Могу сказать, что мне повезло: дело рассматривала совестливая судья. И я, в общем, такую ситуацию создал, при которой было очень-очень трудно вынести обвинительный приговор. Мне удалось убедить судью в своей правоте.

Поэтому адвокатам, которые не хотят уходить из профессии, я могу только посоветовать бить головой об стену. Больше вероятность того, что набьете только шишки, но никогда нельзя — абсолютно, на 100% — исключать вероятность того, что удастся добиться успеха. Поэтому я и в профессии.

— Бывший заместитель председателя Волгоградского областного судаСергей Злобин, подавший в 2011 году в отставку, в интервью PublicPost сказал, что «суд стал бизнесом». Вы согласны?

Слухи о коррумпированности нашей судебной системы всегда были сильно преувеличены. В судах общей юрисдикции главным образом судится неплатежеспособное население: по уголовным и гражданским делам. Часть определенная дел — конечно, да, там проходят деньги, но я думаю, что пик коррупции у нас в судах пройден. Брать стали реже, но по-крупному. Я не касаюсь арбитражных судов, где, как мне представляется, тоже деньги есть, но и там пик коррупции пройден.

— То есть все же адвокаты заносят?

Часть адвокатов — я их называю, кстати, даже не «почтальонами», а «инкассаторами». Есть у нас «инкассаторы»? Да, конечно, безусловно. Такая часть есть, но дело в том, что если там нужно занести, предположим, то чаще всего заносят следователям, прокурорам и оперативникам, потому что там есть возможность повлиять на исход дела. А в судах что? Один процент оправданий.

— Почему же все-таки так мало?

Вот это как раз вызывает определенные вопросы. Это как раз говорит о том, что не работает презумпция невиновности.

В 19-м веке юрист Лорд Элдон говорил, что колоссальная ошибка состоит в том, что дела люди делят на черные и белые, тогда как большинство дел — серые.
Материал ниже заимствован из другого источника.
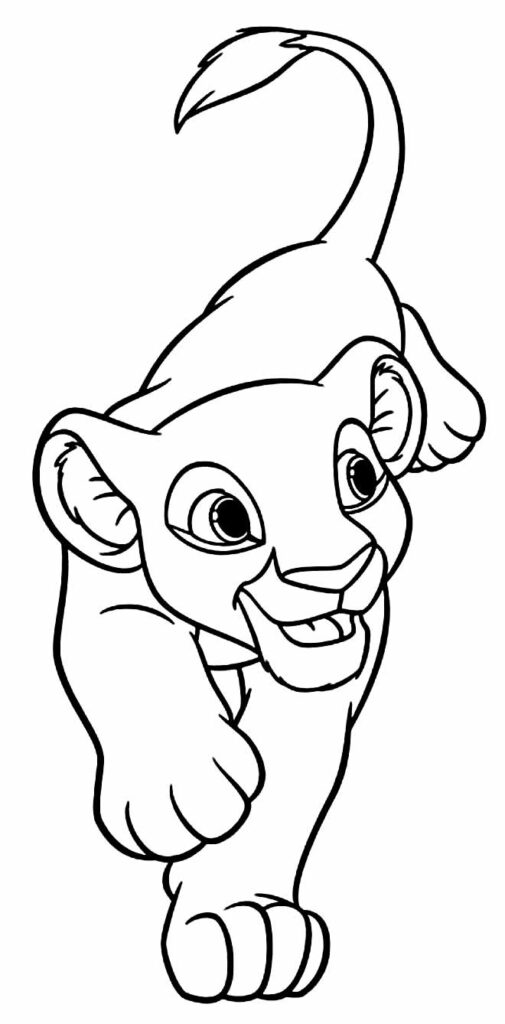 Desenho do Simba para colorir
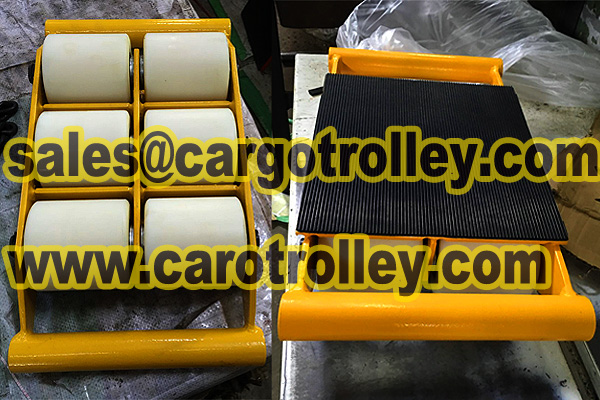 Heavy Duty Machinery Moving Skates with Nylon Rollers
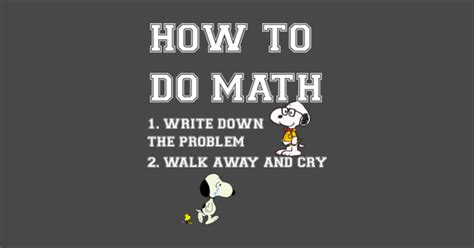 Snoopy How To Do Math Snoopy Fan Peanuts Math Nerdy Funny Crewneck Sweatshirt Teepublic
Как в анекдоте: «Опять проклятые сомнения». Понимать же надо, что такое доказательства в судах. На 95% это показания людей — отсюда и сомнения. Вот в этом же значение презумпции невиновности, она говорит в таких случаях: толкуйте в пользу обвиняемого, — что и делают присяжные, которым такое наставление дает судья (попробовала бы она не дать такое наставление). В судах присяжных — 15-20% оправданий. На эти «серые дела» присяжные говорят: «Нет достоверного доказательства вины». А профессиональные судьи изначально подходят со своей обвинительной установкой. Всякие сомнения они гонят прочь: следствие предъявило, прокурор поддерживает — ну, и ладушки.